À environ mille mètres sous la surface de la mer des Caraïbes, dans une obscurité totale et sous une pression qui écraserait tout équipement non conçu pour y résister, un cachalot émet une série de clics. Ces clics durent quelques millièmes de seconde chacun. Ils se succèdent en séquences qui varient selon des règles précises. Un autre cachalot répond. Un troisième intervient. La conversation — parce que c’est bien ce que les chercheurs de Project CETI appellent maintenant ce phénomène — se déroule en temps réel, avec des chevauchements et des pauses qui ressemblent à ce qu’on observerait dans un échange entre humains.
Pendant des décennies, les chercheurs savaient que les cétacés communiquaient. Les chants des baleines à bosse sont documentés depuis les années 1970 — Roger Payne avait publié des enregistrements qui avaient touché quelque chose de profond dans la culture populaire et contribué au mouvement de protection des baleines. Mais la compréhension de ce qui se passait réellement dans ces échanges restait limitée par la capacité humaine à analyser manuellement des données acoustiques vastes et complexes.

Project CETI a changé l’échelle de l’analyse. En appliquant des techniques de machine learning — les mêmes architectures de modèles qui permettent aux systèmes de traitement du langage naturel de comprendre le texte humain — à des milliards de clics enregistrés, les chercheurs ont identifié 156 unités de communication distinctes chez les cachalots. Ces unités, appelées kodas, ne sont pas des signaux aléatoires. Elles suivent des règles combinatoires. Certaines se comportent comme des voyelles dans un alphabet phonétique. Leur organisation produit une structure qui, analysée statistiquement, présente des propriétés formellement similaires aux langues humaines — une hiérarchie de combinaisons, une variation contextuelle, une richesse d’expressions qui va bien au-delà de ce qu’on attendrait d’un simple système de signalisation d’alarme ou d’identification individuelle.

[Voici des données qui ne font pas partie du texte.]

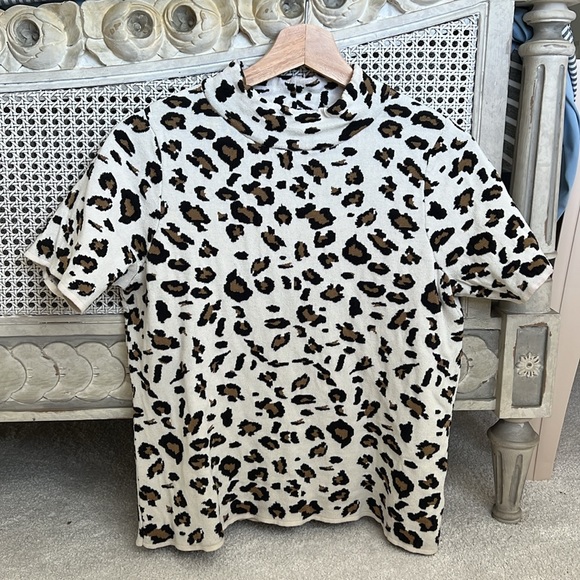 Field Flower from Anthropologie Animal Print Short Sleeve Sweater Medium - Picture 6 of 9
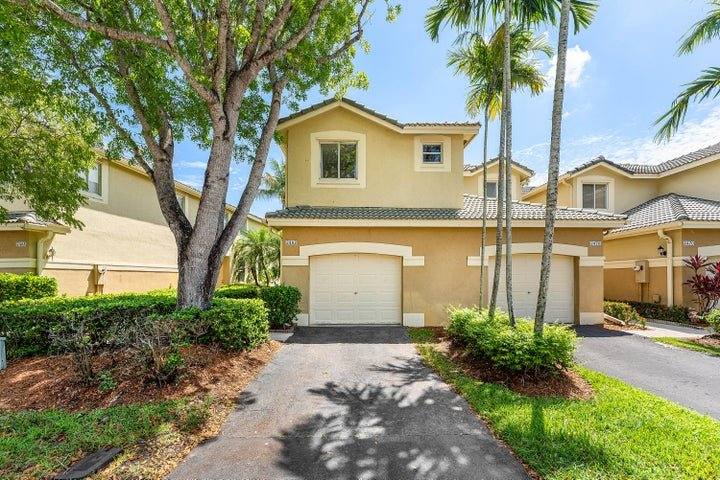 Townhouse for rent at 2482 Cordoba Bend, Fort Lauderdale, FL 33327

Ce qui est peut-être encore plus significatif que la structure formelle, c’est la transmission culturelle qu’elle révèle. Les cachalots ont des accents régionaux — des groupes géographiquement séparés utilisent des variantes distinctes des mêmes unités de communication. Des familles ont des signatures vocales reconnaissables. Les chants des baleines à bosse changent d’une année à l’autre, se modifiant progressivement à travers une population, comme si une chanson populaire se diffusait et évoluait au fil du temps. Ce n’est pas de l’instinct. C’est de la culture — une transmission active de comportements appris d’une génération à l’autre, ce qui place les cétacés dans une catégorie cognitive que nous réservions jusqu’ici essentiellement aux humains et à certains primates.
Là où ce décodage devient une information environnementale, c’est quand on croise les données acoustiques avec les données de l’état des océans. Les baleines bleues et les rorquals communs, qui communiquent dans des fréquences très basses — entre 10 et 40 hertz — voient leurs vocalisations directement masquées par le bruit des moteurs de navires porte-conteneurs, qui opèrent dans des gammes de fréquences similaires. La pollution sonore sous-marine n’est pas métaphorique. C’est une interférence physique sur les canaux de communication que ces animaux utilisent pour se coordonner, pour trouver des partenaires, pour guider leurs jeunes. Les corrélations que les chercheurs ont établies entre la baisse de certaines vocalisations et la diminution des populations de krill ou la hausse des températures des eaux fournissent un nouveau type de signal pour surveiller l’état des écosystèmes marins.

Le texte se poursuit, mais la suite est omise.